*** Supplied records ***

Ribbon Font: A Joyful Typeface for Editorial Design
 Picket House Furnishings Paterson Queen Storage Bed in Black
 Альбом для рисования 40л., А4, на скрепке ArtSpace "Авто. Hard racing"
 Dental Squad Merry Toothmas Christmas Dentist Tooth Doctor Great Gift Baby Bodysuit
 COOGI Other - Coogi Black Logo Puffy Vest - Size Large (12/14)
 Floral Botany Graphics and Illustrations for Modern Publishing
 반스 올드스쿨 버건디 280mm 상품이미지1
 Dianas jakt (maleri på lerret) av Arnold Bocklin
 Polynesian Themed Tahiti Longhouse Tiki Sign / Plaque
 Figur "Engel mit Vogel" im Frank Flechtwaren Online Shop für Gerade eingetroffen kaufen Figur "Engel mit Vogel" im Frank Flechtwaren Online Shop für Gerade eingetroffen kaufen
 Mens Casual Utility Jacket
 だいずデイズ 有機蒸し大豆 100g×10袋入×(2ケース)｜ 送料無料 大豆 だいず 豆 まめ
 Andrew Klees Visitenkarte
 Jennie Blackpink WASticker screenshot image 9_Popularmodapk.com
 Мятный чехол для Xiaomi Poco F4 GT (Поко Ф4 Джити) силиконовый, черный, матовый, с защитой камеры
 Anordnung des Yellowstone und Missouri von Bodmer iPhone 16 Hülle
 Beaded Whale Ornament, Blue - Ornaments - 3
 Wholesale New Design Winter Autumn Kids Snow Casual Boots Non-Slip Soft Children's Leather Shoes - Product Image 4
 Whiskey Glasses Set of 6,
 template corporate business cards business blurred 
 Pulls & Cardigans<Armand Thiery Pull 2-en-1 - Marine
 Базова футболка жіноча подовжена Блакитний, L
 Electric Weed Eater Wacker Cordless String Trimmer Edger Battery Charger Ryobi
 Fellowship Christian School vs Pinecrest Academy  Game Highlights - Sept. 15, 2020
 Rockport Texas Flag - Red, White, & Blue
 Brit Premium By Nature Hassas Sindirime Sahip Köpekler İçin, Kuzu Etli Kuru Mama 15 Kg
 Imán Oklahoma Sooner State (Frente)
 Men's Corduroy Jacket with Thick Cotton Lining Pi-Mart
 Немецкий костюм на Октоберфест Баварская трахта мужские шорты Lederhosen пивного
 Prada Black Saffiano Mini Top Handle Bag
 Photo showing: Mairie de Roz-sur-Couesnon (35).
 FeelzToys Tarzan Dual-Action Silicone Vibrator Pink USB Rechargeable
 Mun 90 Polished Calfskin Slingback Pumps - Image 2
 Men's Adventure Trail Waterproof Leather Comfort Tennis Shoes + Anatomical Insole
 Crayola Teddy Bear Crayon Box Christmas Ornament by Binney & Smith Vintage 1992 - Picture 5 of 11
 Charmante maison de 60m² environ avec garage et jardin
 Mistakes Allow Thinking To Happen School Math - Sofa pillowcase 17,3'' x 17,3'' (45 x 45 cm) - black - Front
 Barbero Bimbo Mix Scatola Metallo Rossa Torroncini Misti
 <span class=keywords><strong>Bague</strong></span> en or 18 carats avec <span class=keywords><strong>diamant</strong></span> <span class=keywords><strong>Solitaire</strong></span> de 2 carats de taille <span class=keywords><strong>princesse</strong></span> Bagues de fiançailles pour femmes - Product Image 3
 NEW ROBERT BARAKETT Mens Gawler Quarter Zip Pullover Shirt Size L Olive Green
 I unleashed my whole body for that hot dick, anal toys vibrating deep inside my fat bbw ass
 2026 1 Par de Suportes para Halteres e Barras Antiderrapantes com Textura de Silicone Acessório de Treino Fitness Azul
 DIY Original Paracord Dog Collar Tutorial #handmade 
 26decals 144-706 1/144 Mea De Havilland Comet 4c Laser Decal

*** End of Supplied records ***

▸ About this exercise
Which lines of the material above hold the string "Leather"? Pull them out.

▸ Answer space
 Wholesale New Design Winter Autumn Kids Snow Casual Boots Non-Slip Soft Children's Leather Shoes - Product Image 4
 Men's Adventure Trail Waterproof Leather Comfort Tennis Shoes + Anatomical Insole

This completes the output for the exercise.